“Yes, that’s so.”
“Then, if he needs the money so badly, all he need do is not bet at all, and it would be just as though he had broken even.”
“Yes, but he has this unreasoning need to gamble.”
“You mean even if he loses.”
“Yes.”
“But that makes no sense.”
“But the point of the joke is that the gambler doesn’t understand this.”
“You mean it’s funny if a person lacks any sense of logic and is possessed of not even the simplest understanding?”
And what can you do but turn back to building the house again?
But tell me, is this so different from dealing with the ordinary humorless human being? I once told my father this joke:
Mrs. Jones, the landlady, woke up in the middle of the night because there were strange noises outside her door. She looked out, and there was Robinson, one of her boarders, forcing a frightened horse up the stairs.
She shrieked, “What are you doing, Mr. Robinson?”
He said, “Putting the horse in the bathroom.”
“For goodness sake, why?”
“Well, old Higginbotham is such a wise guy. Whatever I tell him, he answers, ‘I know. I know,’ in such a superior way. Well, in the morning, he’ll go to the bathroom and he’ll come out yelling, ‘There’s a horse in the bathroom.’ And I’ll yawn and say, ‘I know, I know.’ “
And what was my father’s response? He said, “Isaac, Isaac. You’re a city boy, so you don’t understand. You can’t push a horse up the stairs if he doesn’t want to go.”
Personally, I thought that was funnier than the joke.
Anyway, I don’t see why we should particularly want a robot to have a sense of humor, but the point is that the robot himself might want to have one-and how do we give it to him?
Robots In Combination
I have been inventing stories about robots now for very nearly half a century. In that time, I have rung almost every conceivable change upon the theme.
Mind you, it was not my intention to compose an encyclopedia of robot nuances; it was not even my intention to write about them for half a century. It just happened that I survived that long and maintained my interest in the concept. And it also just happened that in attempting to think of new story ideas involving robots, I ended up thinking about nearly everything.

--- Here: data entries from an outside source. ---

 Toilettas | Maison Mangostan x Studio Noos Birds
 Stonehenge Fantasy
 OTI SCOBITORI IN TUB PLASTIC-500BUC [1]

For instance, in the sixth volume of the Robot City series, there are the “chemfets,” which have been introduced into the hero’s body in order to replicate and, eventually, give him direct psycho-electronic control over the core computer, and hence all the robots of Robot City.
Well, in my book Foundation’s Edge (Doubleday, 1982), my hero, Golan Trevize, before taking off in a spaceship, makes contact with an advanced computer by placing his hands on an indicated place on the desk before him.
“And as he and the computer held hands, their thinking merged…
“…he saw the room with complete clarity-not just in the direction in which he was looking, but all around and above and below.
“He saw every room in the spaceship, and he saw outside as well. The sun had risen…but he could look at it directly without being dazzled…
“He felt the gentle wind and its temperature, and the sounds of the world about him. He detected the planet’s magnetic field and the tiny electrical charges on the wall of the ship.
“He became aware of the controls of the ship…He knew…that if he wanted to lift the ship, or turn it, or accelerate, or make use of any of its abilities, the process was the same as that of performing the analogous process to his body. He had but to use his will.”
That was as close as I could come to picturing the result of a mind-computer interface, and now, in connection with this new book, I can’t help thinking of it further.
I suppose that the first time human beings learned how to form an interface between the human mind and another sort of intelligence was when they tamed the horse and learned how to use it as a form of transportation. This reached its highest point when human beings rode horses directly, and when a pull at a rein, the touch of a spur, a squeeze of the knees, or just a cry, could make the horse react in accordance with the human will.
It is no wonder that primitive Greeks seeing horsemen invade the comparatively broad Thessalian plains (the part of Greece most suitable to horsemanship) thought they were seeing a single animal with a human torso and a horse’s body. Thus was invented the centaur.
Again, there are “trick drivers.” There are expert “stunt men” who can make an automobile do marvelous things. One might expect that a New Guinea native who had never seen or heard of an automobile before might believe that such stunts were being carried through by a strange and Monstrous living organism that had, as part of its structure, a portion with a human appearance within its stomach.
But a person plus a horse is but an imperfect fusion of intelligence, and a person plus an automobile is but an extension of human muscles by mechanical linkages. A horse can easily disobey signals, or even run away in uncontrollable panic. And an automobile can break down or skid at an inconvenient moment.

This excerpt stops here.